Welcome to LEJoG Day 55
Day 55 pre-amble
Destination: Forest View Walkers Inn, Byrness. The essential pinch point for any Pennine Way planner, i.e. you need to book this place well in advance otherwise you will have great difficulty in completing the trail. Much more of this place in ‘After the walk’ below. I can say straight away that its high reputation is well-earned and carefully protected.
Along the way: well, the second half of this walk offers many different forest views. There’s a long stretch through the commercialised Redesdale Forest, preceded by a bleak passage of felled and uprooted trees.
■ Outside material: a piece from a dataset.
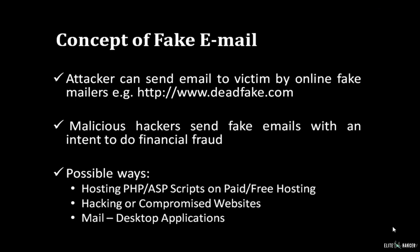There are various ways by which an attacker can send a fake email, for example www.deadfake.com. Sometimes malicious hackers send fake emails with the intention to do financial fraud.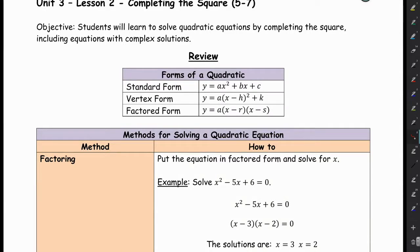Hi everyone. In this lesson you're going to learn how to solve quadratic equations by completing the square. On this first page I just have some review. It's always good to go back and review the concepts and all the other ways that you've learned how to solve a quadratic equation.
Before that there’s a horrid little climb through cleared forest at the edge of Redesdale; after it there’s the much more pleasing forest surroundings of Byrness itself.
LEJoG Day 55 (Wednesday 21 August 2019)
Bellingham to Byrness (15½ miles)
Cumulative: 783 miles
Facts: Time on walk: 5 hours. Average speed: 3.10 mph. Weather: Cloudy, dry, occasional sun, mild.
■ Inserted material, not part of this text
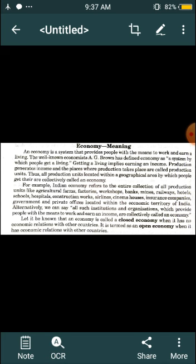Production generates income, and the place where production takes place is called a production unit. All production units located within a geographical area by which people collectively get their living are called an economy.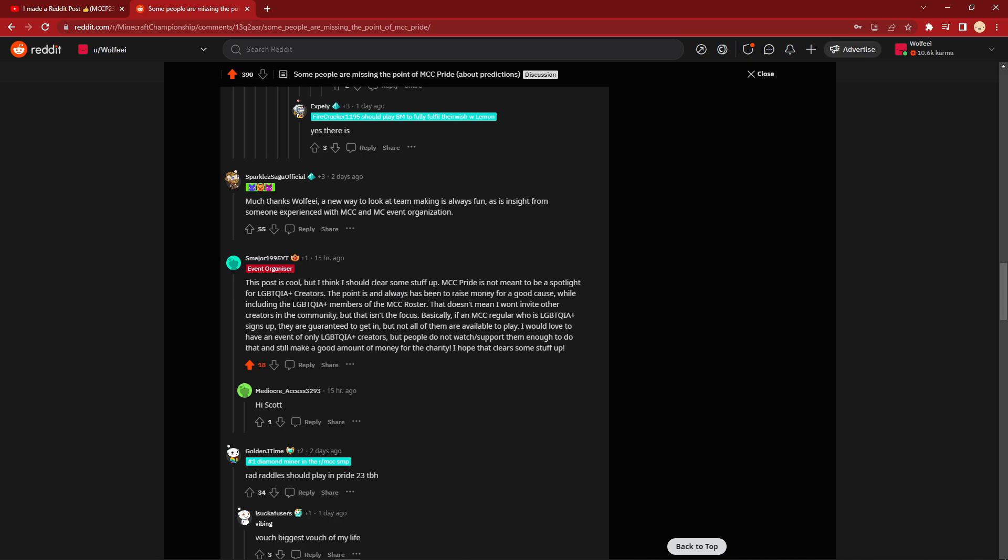I would love to have an event of only LGBTQIA plus creators, but people do not watch to support them enough to do that and still make a good amount of money for the charity. I have to clear some stuff up. Because this last part, I was already aware of, this is the main reason why I was always so confused when people complained when someone with really high viewership got into the event for charity, when that's the point.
Practicalities: Just the walk from Riverdale Hall Hotel back to the North Tyne Bridge.
Start: Pennine Way sign after North Tyne river crossing, near Bellingham, 10:35am. End: Pennine Way sign opposite church, Byrness, 4:25pm (linear end: actual end about 10 minutes later at Forest View).
The first task was to photograph the lovely North Tyne river crossing, which was runner-up for today’s header image.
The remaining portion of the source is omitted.